LIKE SO many others, I marvel at my capacity to continue to be dumbfounded by the utterly bizarre events taking place right here in Jamaica.

A few years ago I was proud of the Jamaican press for sitting in the Gallery of Parliament and wearing muzzles to protest against proposed new legislation by the state on the freedom of information. Last week the sight of every seat occupied in the same Gallery by the Jamaican legal fraternity this time, gowned and bearing tiny placards protesting that citizens' rights are at risk, confidence is betrayed, and client-attorney privilege has been violated by the state ought to have been deeply alarming even to the most obtuse on-looker.

Since these are only the first 100 days of the fourth term of the now not only Honourable but Most Honourable P.J. Patterson, it seems to me he waxes greatly while the quality of life of the Jamaica people wanes even more.

That is not what surprises me, however, since failure rewarded with greater office always fails more spectacularly still. What astounds me is that the Prime Minister appears to have no remorse about it, and doesn't appear to be giving any thought to how he can improve life for everybody right here in Jamaica.

Instead Mr. Patterson has just announced, according to another newspaper, that one of the Government's strategies for the country's economic development and growth is to become the training of Jamaicans for export. "(We will undertake) heavy investment in training for a range of occupations in the services sector for both the local and the global marketplace." This of course, while defending his PNP Government's economic model, and doing so without the slightest sense of irony at all.

Patterson wants to renew social contract negotiations with trade unions and the private sector in order to keep wages and income increases below 7.3 per cent which was last year's inflation rate. His own salary increase this year, however, and that of other parliamentarians, was 103 per cent, and he sees no irony in that either.

The Prime Minister seems blissfully unaware that many workers and private sector employees haven't had a pay increase in the last several years, only the occasional empty promise due largely to his Government's policies. So I frankly don't see what there is to discuss, much less negotiate. With his usual sleight of hand he appoints another committee to review the matter and advise. Another committee will merely delay the onset of reality, however, which I suppose is always a kind consideration for the Most Honourable.

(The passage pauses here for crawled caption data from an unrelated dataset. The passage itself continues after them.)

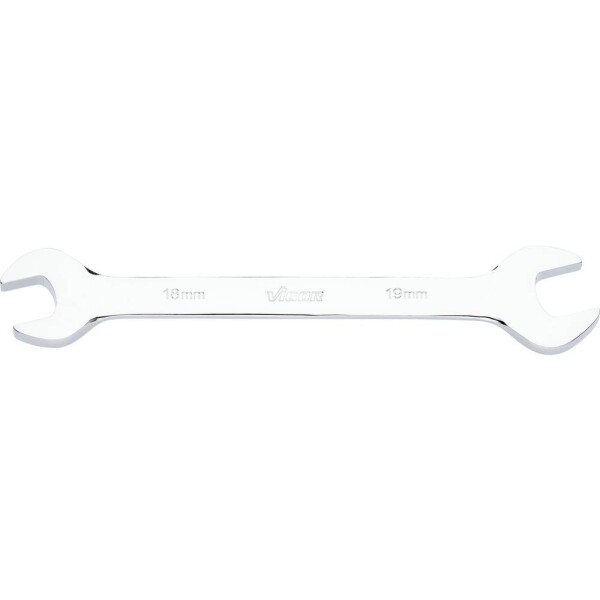 Vigor V7730-18X19 obojstranný vidlicový kľúč 18 - 19 mm; V7730-18X19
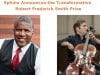 Robert Frederick Smith Music Endowment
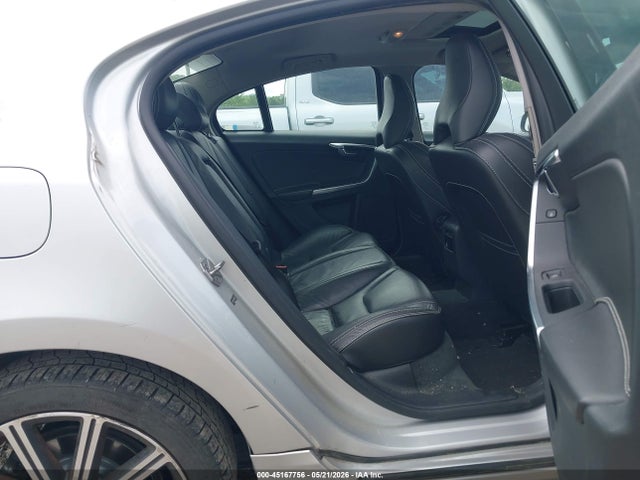 Продажа на аукционе авто 2014 Volvo S60 T5, vin: YV1612FSXE2270855, номер лота: 45167756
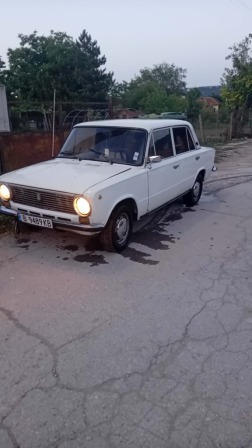 Lada 1200 1200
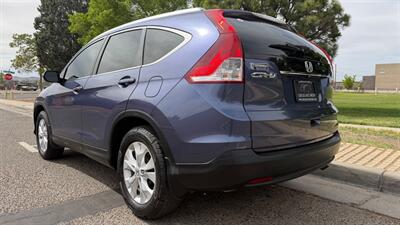 2014 Honda CR-V EX-L   - Photo 7 - Albuquerque, NM 87107
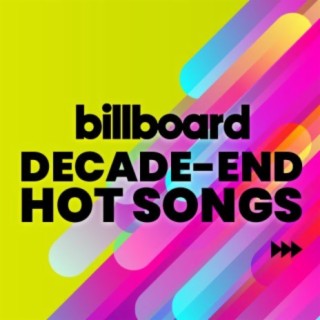 Billboard Decade-End Hot Songs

Jamaica has always had an overseas farm workers programme, and during Mrs. Portia Simpson Miller's time as Minister of Labour, she instituted the hotel workers programme. I find it hard to believe, however, that she could have intended this to become the economic model for development in Jamaica.

Jamaicans have always had seasonal employment abroad. It began when we were the primary labour force on the building of the Panama Canal. At a stretch one could even say that Jamaicans founded the country of Belize.

The Prime Minister's decision to
target tourism/food and information/ communication technology for investment in training for the local and global marketplace, and tout this as economic strategy, is nothing short of ludicrous. He did not say Jamaica would train overseas students in these areas. This training is intended for us, so that we can become as exportable a commodity as Jamaican teachers and nurses who are constantly recruited by overseas employers, and glad to go because of poor wages and conditions here.

There is no vision being offered therefore, by the Patterson administration to raise the standard of living, job market and remuneration here in Jamaica, which is where most of us have the misfortune to live.

Another announced strategy, the widening of the tax net and the dramatic increase in user fees for services rendered by the state, is likely to make what remains of Jamaica collapse even further. The poor, elderly and pensioners in our society can barely afford to buy food, much less pay sharply increased light bills. And the informal economy, which by definition is informal because it cannot be accurately measured, is to be relied upon to fill the Government's budget deficit. Dr. Omar Davies, Finance Minister, has become a magician in tails and top hat, pulling rabbits and revenues out of nowhere. This is illusion upon which the hopes and aspiration of an entire population cannot be based.

A recent editorial in Business Week, an American news magazine, headlined 'A Global White-Collar Migration', is worth noting in this regard. It states, "The Philippines has been exporting educated, English-speakers for decades, because it has not been able to build a working civil society with credible legal, financial, and political systems. Unless developing countries construct the institutional framework for stable growth, they may find themselves with the white-collar equivalent of maquiladoras, islands of cheap service work that do not transform their economies."

The export of people is one of the marks of a country or state in deepening crisis. Slaves were captured by black Africans, sold for profit and exported overseas. That we go willingly today is hardly a difference worth mentioning. In the modern world, failed or failing states also export people too. I have never before, however, heard of a premier making it a stated object of government policy.

The fact is that Dr. Davies' and Mr. Patterson's economic model has transformed Jamaica, but very badly indeed. Since they can't be bothered to fix it, the alternative is to export the problem, which are the tens of thousands of Jamaicans in need of jobs. When they go, who will develop Jamaica?

Patterson should expand training in Jamaica most certainly, and not only for ourselves but to bring in students from overseas. This will enable our institutions to become self-sustaining and profitable. These institutions should enjoy the best academic and technical reputations in the world, and its graduates the sought-after. But that is not what I hear him saying.

The sub-text in his new and so-called strategy of economic development is to increase Jamaica's remittances from abroad, already the primary source of foreign exchange for the island. No self-respecting country ought to regard that as economic development.